[The data]
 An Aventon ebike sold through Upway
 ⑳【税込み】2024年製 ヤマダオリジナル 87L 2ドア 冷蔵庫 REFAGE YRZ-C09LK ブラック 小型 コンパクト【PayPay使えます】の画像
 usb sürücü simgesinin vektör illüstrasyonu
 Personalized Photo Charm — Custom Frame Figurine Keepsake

...

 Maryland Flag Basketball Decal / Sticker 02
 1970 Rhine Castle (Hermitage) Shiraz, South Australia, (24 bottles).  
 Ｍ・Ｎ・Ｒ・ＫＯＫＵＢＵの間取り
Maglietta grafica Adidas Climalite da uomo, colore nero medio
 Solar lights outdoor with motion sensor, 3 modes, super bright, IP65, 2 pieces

[Work instruction] In the listing above, find the line containing "An Aventon ebike sold through Upway" and the line containing "Personalized Photo Charm", then quote both, plus every line between them, exactly as written.

[Your response]
 An Aventon ebike sold through Upway
 ⑳【税込み】2024年製 ヤマダオリジナル 87L 2ドア 冷蔵庫 REFAGE YRZ-C09LK ブラック 小型 コンパクト【PayPay使えます】の画像
 usb sürücü simgesinin vektör illüstrasyonu
 Personalized Photo Charm — Custom Frame Figurine Keepsake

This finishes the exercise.